Drenched and muddy, we arrived back at the resort just in time to witness the legendary “Firewalkers.” Indigenous fire-walking was originally practiced only on the island of Beqa and was a significant religious event that involved the entire community. The fire-walkers were required to abstain from having sex and eating coconut for 1 month prior to their walk across the searing coals.
The preparation for the event at Beqa Lagoon Resort began in the morning with building a huge bonfire. By the time we arrived late in the afternoon, the fire had died down to a small flame and the coals were being prepared for the final event. During the preparation there was periodic chanting amongst the fire-walkers. Once the coals were ready, each member dressed in warrior garb, made their way across the hot stones, one at a time, pausing briefly in the middle for effect.

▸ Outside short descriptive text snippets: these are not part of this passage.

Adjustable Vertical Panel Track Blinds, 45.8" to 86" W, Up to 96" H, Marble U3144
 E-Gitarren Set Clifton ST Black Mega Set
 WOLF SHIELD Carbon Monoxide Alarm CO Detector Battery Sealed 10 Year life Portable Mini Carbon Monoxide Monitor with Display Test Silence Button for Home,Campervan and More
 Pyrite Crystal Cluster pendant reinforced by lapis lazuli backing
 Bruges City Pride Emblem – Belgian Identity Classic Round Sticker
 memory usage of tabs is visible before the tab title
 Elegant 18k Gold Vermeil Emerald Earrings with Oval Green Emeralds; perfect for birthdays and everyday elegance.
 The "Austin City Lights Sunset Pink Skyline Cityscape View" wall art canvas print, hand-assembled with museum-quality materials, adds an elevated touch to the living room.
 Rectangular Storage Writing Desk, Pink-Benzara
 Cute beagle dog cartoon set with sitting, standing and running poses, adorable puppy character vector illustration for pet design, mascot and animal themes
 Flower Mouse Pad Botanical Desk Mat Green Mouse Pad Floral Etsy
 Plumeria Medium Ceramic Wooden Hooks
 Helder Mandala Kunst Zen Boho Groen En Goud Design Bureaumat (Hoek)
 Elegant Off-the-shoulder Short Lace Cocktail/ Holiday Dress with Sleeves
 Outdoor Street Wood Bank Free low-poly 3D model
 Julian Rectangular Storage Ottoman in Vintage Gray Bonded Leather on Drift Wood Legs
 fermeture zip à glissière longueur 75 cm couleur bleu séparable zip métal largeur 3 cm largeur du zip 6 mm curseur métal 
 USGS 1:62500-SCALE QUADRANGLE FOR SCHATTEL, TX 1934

Though the event has clearly switched from a spiritual practice to a commercial one, it was still a unique representation of a different culture.
There is an opportunity provided by the resort to meet the actual chief of a nearby village, unfortunately we missed the scheduled event due to our shark dive. We did take a guided walk to the village and were shown the chiefs house. There we met his son you who officially welcomed us to the village and apologized for his father’s absence. It is customary to bring a gift when you visit the chief, so we brought… what else… Kava!
It turns out that we actually did meet the chief on the path to the village but just didn’t know it. He was just a guy carrying a machete, walking with his wife who was also carrying a machete. Who knew!
Last but surely not least, the resort has a spa on the property where I was treated to the best massage I have had in a long time. It was 70 minutes of pure bliss! The treatment I received was “The Signature Massage,” and is a combination of Lomi Lomi and deep tissue techniques. Oooh la la, no tired diving muscles after that!
On our departure we were again serenaded by the resort staff who gave us Hibiscus flowers that we were to cast into the sea as we floated away indicating that we would return one day.